Sie haben recht, ein solcher Austausch kann zur Wissenserweiterung beitragen. Es ist aber auch immer interessant zu sehen, wie selektiv man Sachen wahrnimmt. Denn in Irland wurde auch ganz klar gesagt, dass es dort Prüfungen in einem Zweiwochenzeitraum gibt, in welchem massiv geprüft wird. Wer es in diesem Zeitraum nicht schafft, bestimmte Werte auf einer Punkteskala zu erreichen, der kommt nicht weiter.

(Ministerin Eva Feußner: Richtig!)

Das ist der Leistungsanspruch. Der Schüler wird dann erst einmal zurückgestellt und darf schauen, wie er es schafft, beim nächsten Mal die Punkte zu erreichen. Er muss sich erst einmal einbringen. 

(Zuruf von Dr. Andreas Schmidt, SPD)

Es ist eben nicht so, dass dort alles so durchlässig ist - wie Sie es gerade beschrieben haben  , sondern es ist so, dass dort eben auch gefordert wird, dass dort klare Leistungsansprüche definiert sind, und dass wir dort ein Schulsystem haben, in dem nicht alles gleich ist, sondern das gegliedert ist, in dem man durch Leistung in verschiedene Bereiche kommt und auch weiterkommt. Genau das wurde in Irland beschrieben; so habe ich es wahrgenommen.

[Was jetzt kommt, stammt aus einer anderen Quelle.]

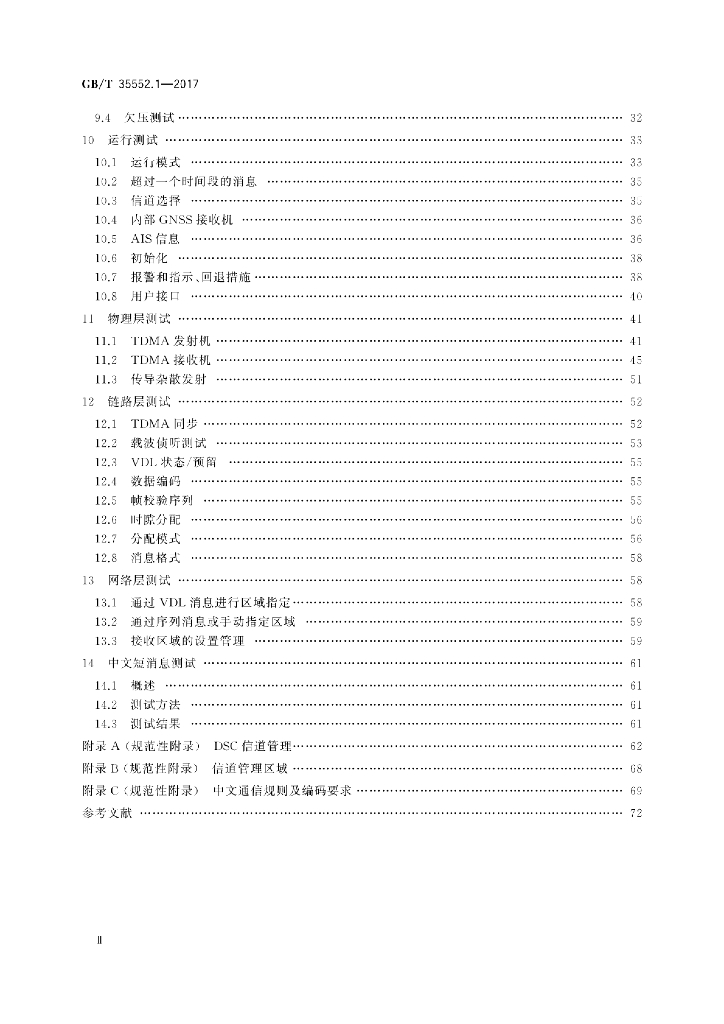 GB/T 35552.1-2017 标准预览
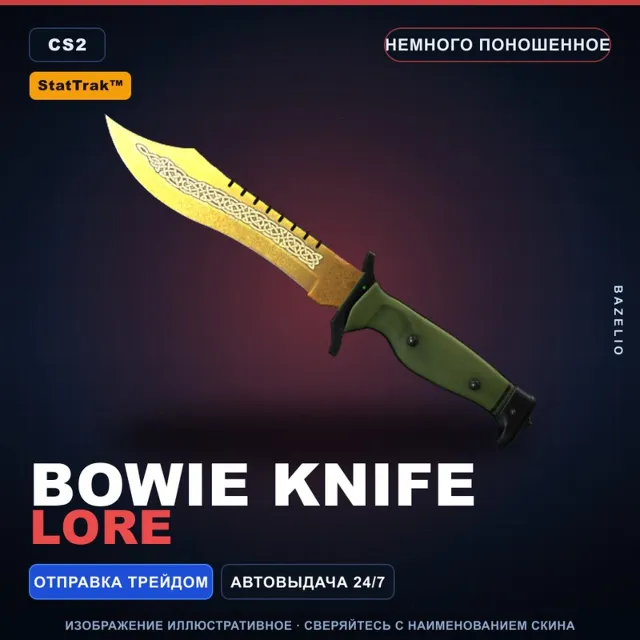 ★ StatTrak™ Bowie Knife | Lore | Немного поношенное · Скин Counter-Strike 2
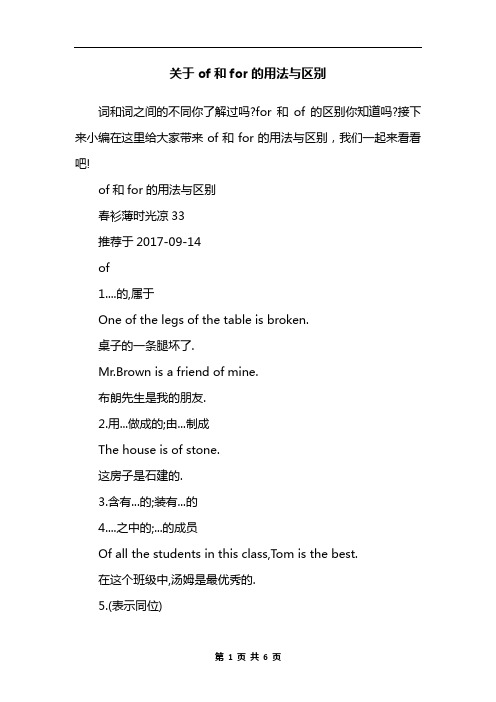 关于of和for的用法与区别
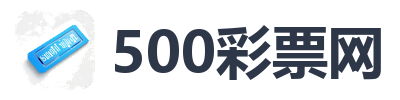 500彩票网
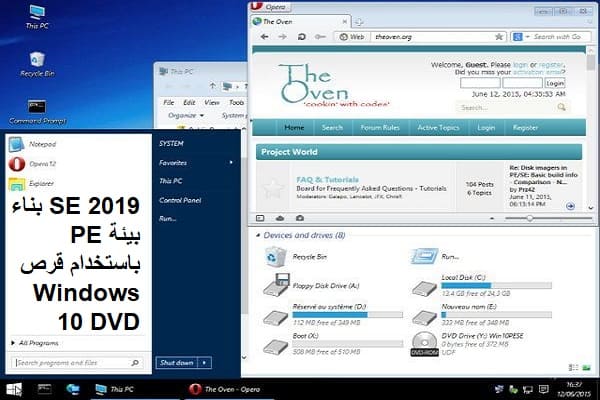 Win10PE SE 2019 بناء بيئة PE باستخدام قرص Windows 10 DVD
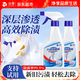 沫檬衣物滲透劑300ml*2 去油污漬神器衣服頑固污漬汗漬去油王清洗劑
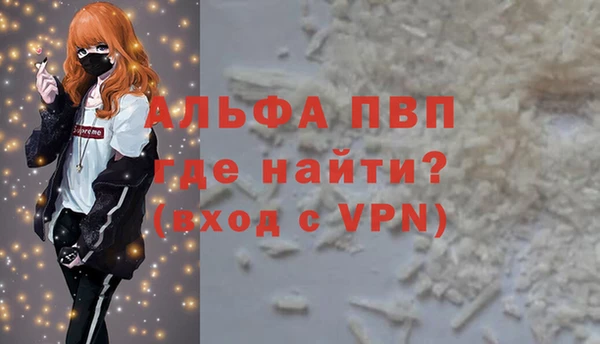 мефедрон мука Бородино
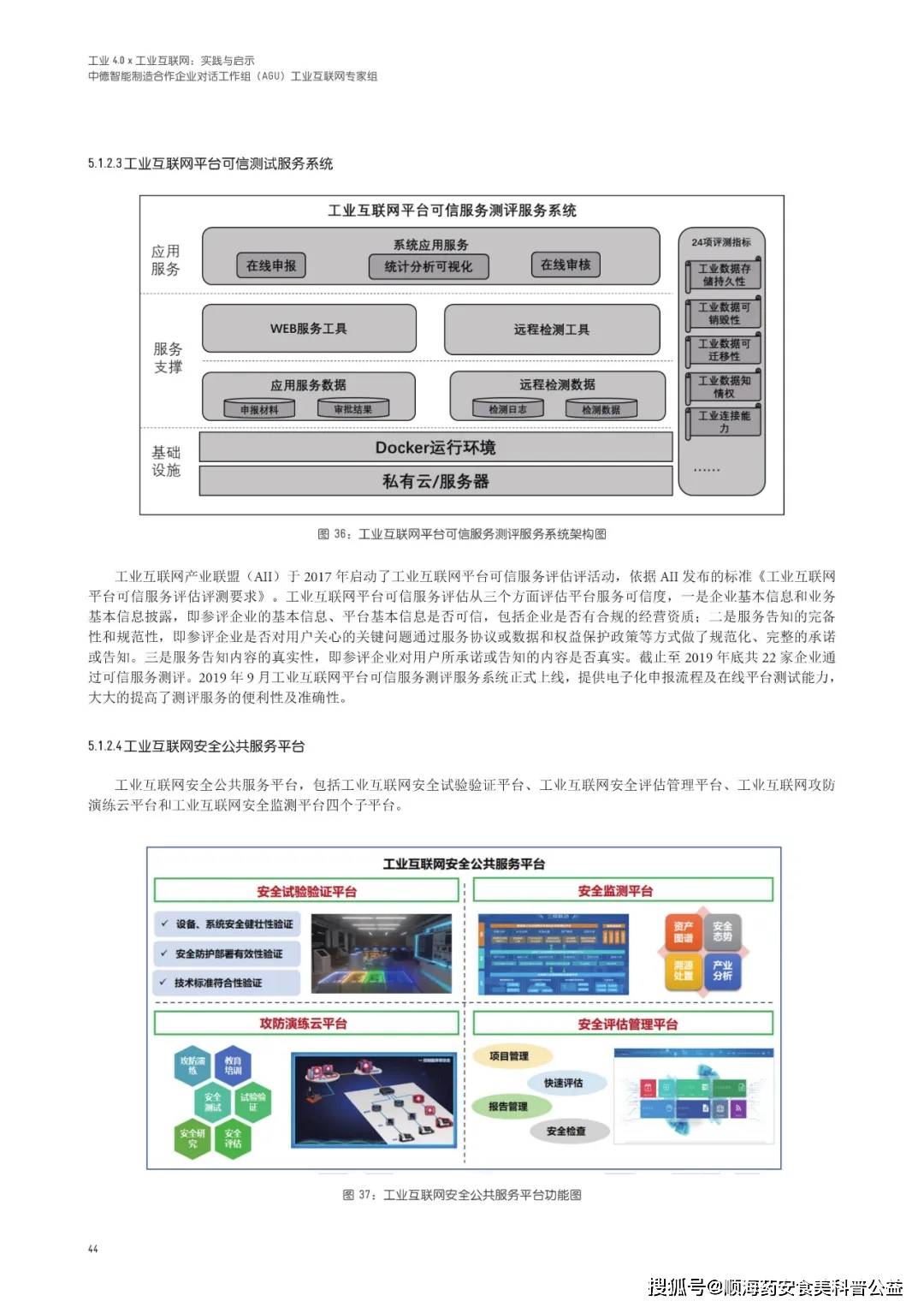 澳门精准正版龙门客栈攻略,数据资料解释落实_ios2.97.118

(Zustimmung bei der CDU - Ministerin Eva Feußner: Richtig! - Zuruf von Andreas Schumann, CDU)


Dr. Katja Pähle (SPD):

Herr Redlich, ja, als wir an dieser konfessionellen Schule waren, haben wir uns auf diesen Aspekt konzentriert. Ich habe von dort mitgenommen, erstens dass diese Prüfungen nicht in der 4. Klasse durchgeführt werden, sondern deutlich später, nach längerem, gemeinsamen Lernen. 

Zweitens. Was haben wir bei unserem Besuch - ich kann den irischen Namen nicht mehr rekapitulieren  , als es um die Berufsausbildung, um dieses College, ging, gehört? - Dass alle diese Sachen, die man im Laufe seiner schulischen Bildung nicht direkt erreicht hat, dort nachgeholt werden können, um den nächsten Sprung zu schaffen.

0Genau das verstehe ich unter „Nobody is left behind“. Keine Entscheidung auf dem Bildungsweg darf jemals in eine Sackgasse führen. Wir brauchen Möglichkeiten, um immer wieder weiterzukommen, wenn es um die Verwirklichung des eigenen Bildungsanspruchs und der eigenen Potenziale geht. 

(Guido Kosmehl, FDP: Das haben wir doch in Deutschland! - Zuruf von Hendrik Lange, DIE LINKE)

Ich glaube, an diesen Stellen haben wir allein in unserem gegliederten Schulsystem bereits einiges, was wir verbessern können, aber vor allen Dingen auch im Bereich danach. Wir haben hierbei unterschiedliche Meinungen. Aber so ist das.